The artificial intelligence (AI) gold rush is on, driving feverish demand for this era’s version of shovels and pickaxes: the semiconductors that make AI and data gathering possible.
Graphical processing units (GPUs) are a prime example. These high-end chips provide the massive computational power needed for AI models. Sales at Nvidia, which dominates the GPU market, have more than tripled in the past year.
DATA DRIVES CHIP INVESTMENT
But GPUs are just one type of high-performance semiconductor in demand as companies scramble to refurbish data centers and build new facilities. Microsoft, Meta, and Google spent more than $32 billion combined on data center infrastructure in just the first three months of this year.
Semiconductor sales are expected to hit a record $611.2 billion in annual global sales this year, according to World Semiconductor Trade Statistics—an increase of 16% year over year. Another 12.5% annual growth is expected by 2025.
“The surge in demand for [generative] AI applications is propelling a corresponding need for computational power, driving both software innovation and substantial investment in data center infrastructure,” notes a March 2024 McKinsey & Company report, pointing to segments like AI accelerators, high-bandwidth memory, and NAND flash data storage, in addition to GPUs.
HIGH-ENERGY CHALLENGES
Energy usage is another key factor driving the AI semiconductor market, says Roger Corell, senior director of leadership marketing at Solidigm, which specializes exclusively in NAND flash memory, solid-state drives (SSDs). These SSDs are supplanting traditional hard-disk drives (HDDs) due to their performance, power, and space efficiencies. “AI workloads are extremely challenging from an infrastructure efficiency perspective, as they consume a tremendous amount of power,” he says.
Data centers now commonly draw 10 times more power than a decade ago, with a single data center cabinet of general-purpose servers using up to 15 kilowatts. AI training workloads can consume 100 or 150 kilowatts. Some experts estimate usage could soon rise to 300 kilowatts.

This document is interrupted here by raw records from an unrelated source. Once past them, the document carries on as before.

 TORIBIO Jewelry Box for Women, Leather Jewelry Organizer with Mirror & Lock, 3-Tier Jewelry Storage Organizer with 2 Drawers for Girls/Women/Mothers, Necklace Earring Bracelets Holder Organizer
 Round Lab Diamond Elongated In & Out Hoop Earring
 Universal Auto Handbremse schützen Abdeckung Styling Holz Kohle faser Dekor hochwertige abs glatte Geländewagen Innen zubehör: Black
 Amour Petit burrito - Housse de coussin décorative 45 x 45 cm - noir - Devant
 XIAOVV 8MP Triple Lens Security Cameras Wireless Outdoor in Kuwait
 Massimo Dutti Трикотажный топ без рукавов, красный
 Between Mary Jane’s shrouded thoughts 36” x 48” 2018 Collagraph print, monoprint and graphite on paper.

Solidigm’s ultra-efficient technology is especially well-positioned to serve this market. Formed in late 2021 when South Korean semiconductor giant SK hynix acquired Intel’s NAND SSD business, Solidigm has a comprehensive data center portfolio. Of particular value to AI workloads, though, is its quad-level cell (QLC) NAND technology, a form of flash memory that stores four bits of data per cell versus the traditional one to three. The more bits per cell, the more information the semiconductor can store.

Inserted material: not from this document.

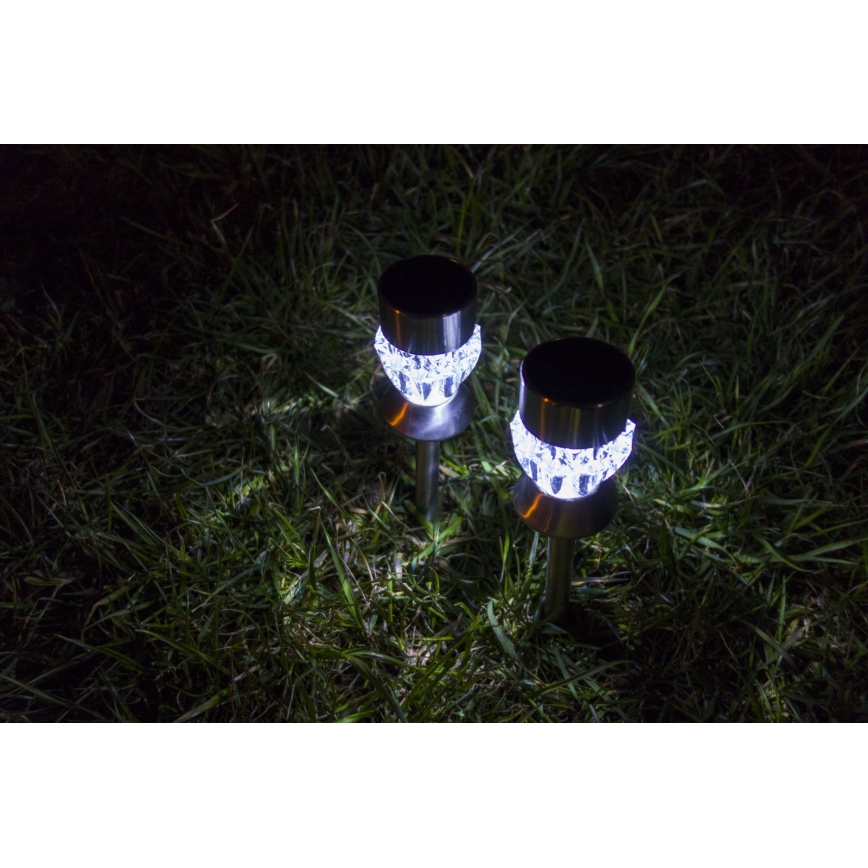 LED Солар. лампа CRYSTAL 2xLED-RGB/0,02W/1xAAA матов хром IP44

“We are seeing massive growth because data center operators realize they have to upgrade their infrastructure if they want to scale out AI,” says Corell.
Sacramento’s Solidigm boasts an industry-leading SSD with 61.44 TB of data capacity. With more than 30 years of innovation and long-standing engagements designing data centers with major cloud service providers, Solidigm is riding high on the AI wave.
“Our pipeline is full of conversations with customers about what hyper-dense, high-performance, power-efficient storage can do to overcome AI scale challenges,” says Corell.
In this new gold rush, not just any shovel will do.